ANDERSON — Campaigns encouraging Americans to move away from using energy derived from fossil fuels have been active for decades.

But as concerns mount over global warming and its underlying causes, climate activists have taken their message to college campuses across the country. Increasingly, they’re appealing to universities’ research budgets and investments in an effort to curb the influence fossil fuel companies have in those areas.

In Indiana, pressure has been brought to bear in the form of protests on campuses including Indiana University in Bloomington, where a grassroots group has called on the IU Foundation to make changes in its investment portfolio to support more green energy initiatives.

“Investment sheets are moral documents,” said Ross Martinie Eller during a community town hall event last fall on the IU campus. “This is our moment to say to the IU Foundation it doesn’t matter what maximizes profits if you sell out future generations.”

That meeting served as a springboard for Sunrise Bloomington, a nonprofit organization comprised of students, faculty and community members, to launch a campaign to urge IU to divest its investments in fossil fuels in favor of more sustainable, greener initiatives. The movement includes an online petition asking IU President Pamela Whitten and the university’s board of trustees to publicly disclose the school’s fossil fuel investments; fully phase out those investments; and reinvest the money in funds that, according to the petition, “promote sustainability and respect for the environment.”

The IU Foundation manages an endowment worth more than $3 billion. As a nonprofit, however, it is not subject to the state’s public records laws. Foundation officials stress that nearly all the money they oversee is privately gifted and has specific conditions for its use.

“Upwards of 99% of the funds under our control are given and governed by legally binding gift agreements which explicitly state what that money can be used for,” said Matt Kavgian, director of strategic communications and projects for the IU Foundation. “There’s no autonomy in the foundation to direct money here or there for our own ideas.”

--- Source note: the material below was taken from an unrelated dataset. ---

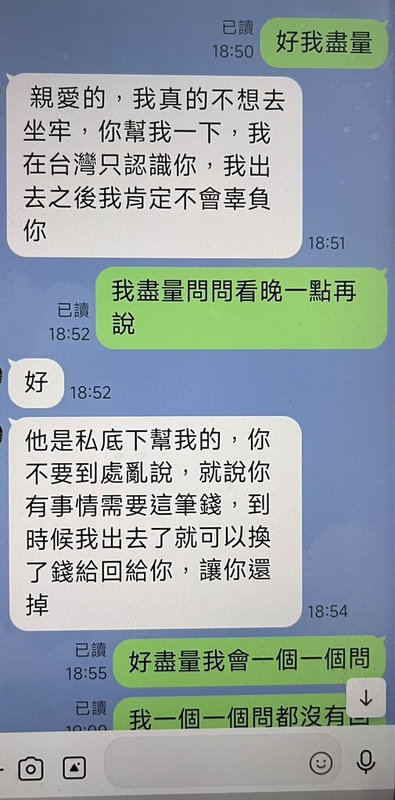 高雄72歲于姓婦人在網路認識自稱新加坡富商的男子，並被甜言蜜語感動，陸續交付稅金與新台幣20萬元「贖金」後才驚覺遭詐；警方埋伏逮捕取款的洪姓車手，依詐欺和洗錢等罪送辦。圖為婦人與假交友詐騙的對話。（高雄鳳山警分局提供）中央社記者洪學廣傳真　115年6月1日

Kavgian provided The Herald Bulletin a document noting that, for more than a decade, the IU Foundation had a policy target percentage to be invested in traditional energy assets such as oil, gas and energy infrastructure. However, the document states that target was reduced in 2016 and eliminated in 2020. The university, it notes, has not made any new commitments to traditional energy since 2017.

“We don’t really get involved with structuring our endowment to try to address political or social concerns,” he said. “With over three quarters of a million living alumni, with, as you can imagine, a fairly wide bunch of views on any number of topics, it would be impossible to structure an investment portfolio to please everybody.”

He acknowledged, however, that the university’s philosophy regarding its investments and endowments is likely to continue to evolve as green technology moves closer to the mainstream.

“We’re not in a vacuum in understanding that there is an energy transition taking place, and that the long-term trend is moving towards more renewable energy,” Kavgian said. “Renewables are the future, and we are investing accordingly as part of that transition.”

Officials at Indiana State University, which raised more than $29 million last year – including $4.3 million in gifts to its endowment – said they’ve not heard directly from groups with opinions on the school’s financial connections to traditional energy sources.

“Our investment portfolio is highly diversified and we don’t have significant concentrations of assets allocated to fossil fuel companies,” said Dan Riley, a member of the ISU Foundation’s board of directors who co-chairs its investment committee.

“Climate change is certainly an important topic,” he added. “To date, we have not created an investment mandate focused on climate change and/or specific investment vehicles focused on environmental, social and governance factors.”

At Purdue University, a faculty-led effort to craft a plan that would divest the school from its fossil fuel investments failed to pass the University Senate in the spring. Proponents have vowed to try again, but acknowledged that the university’s long-standing research partnerships with oil and gas companies may make such legislation a hard sell.

About 3.5% of Purdue’s $3.58 billion endowment is invested in the energy sector, according to the National Association of College and University Business Officers. Representatives at the Purdue Research Foundation, the organization charged with overseeing the endowment, did not return multiple calls and emails seeking comment.